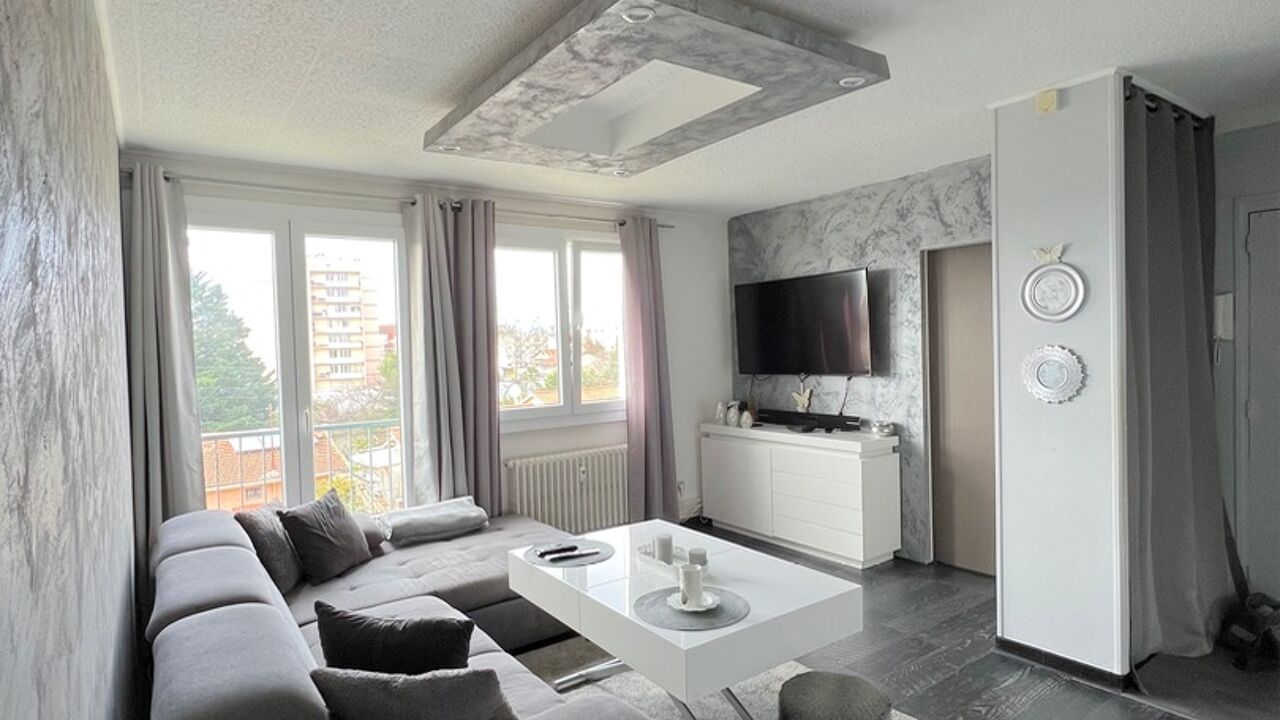 appartement 4 pièces 64 m2 à vendre à Vaulx-en-Velin (69120)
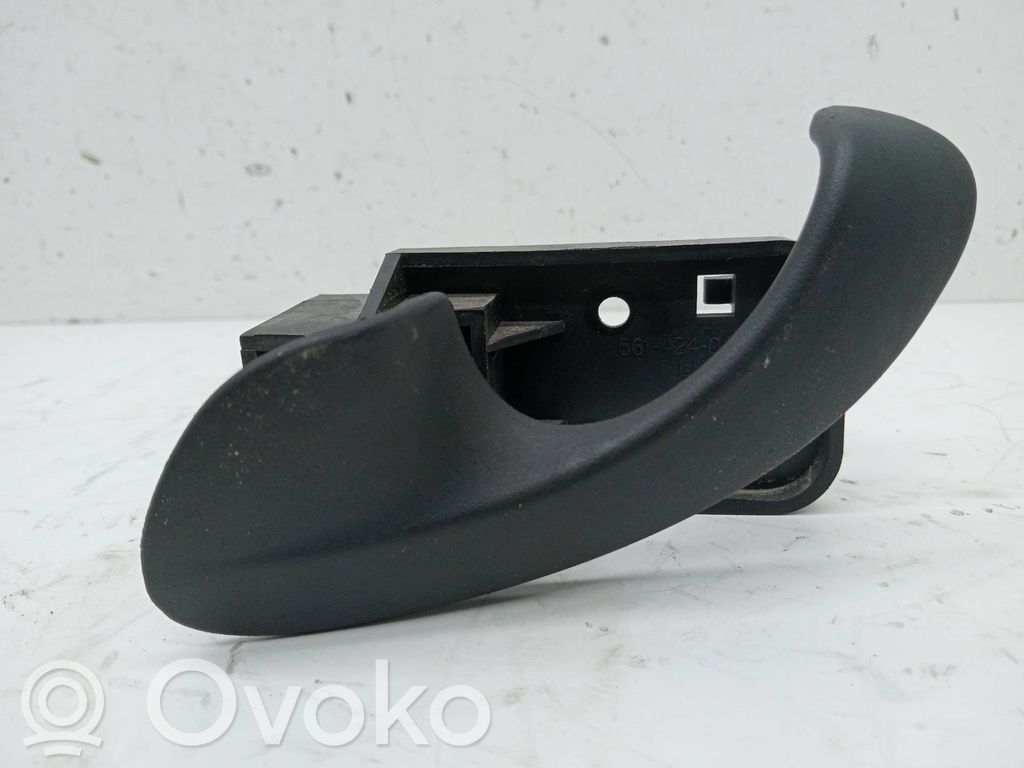 Front door interior handle   561424005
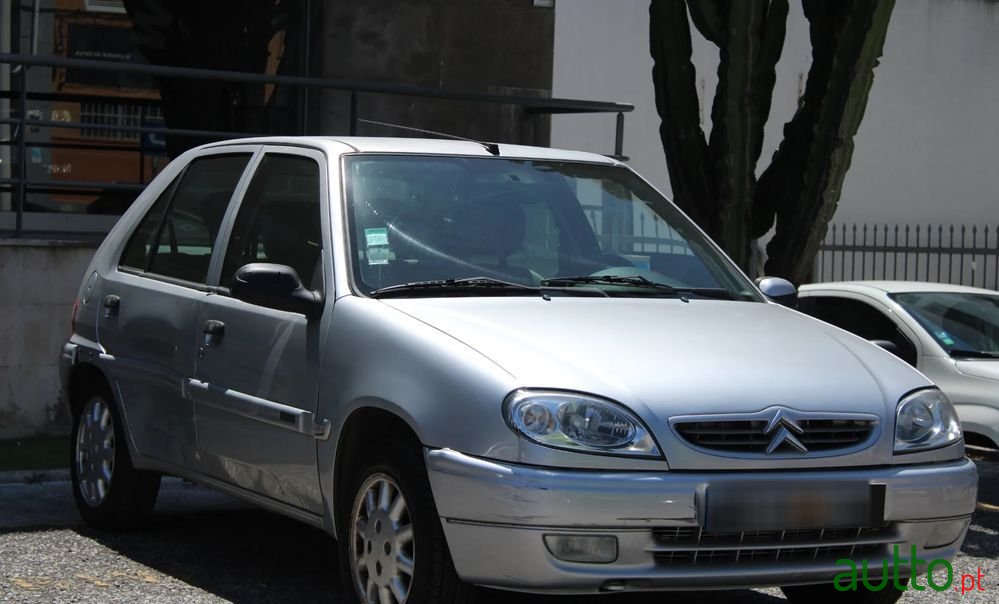 2002' Citroen Saxo 1.1I Sx photo #3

▶ **AIM OF THE TASK**
Repeat each line of the material exactly, and drop any image it carries.

▶ **WRITTEN ANSWER**
 appartement 4 pièces 64 m2 à vendre à Vaulx-en-Velin (69120)
 Front door interior handle   561424005
 2002' Citroen Saxo 1.1I Sx photo #3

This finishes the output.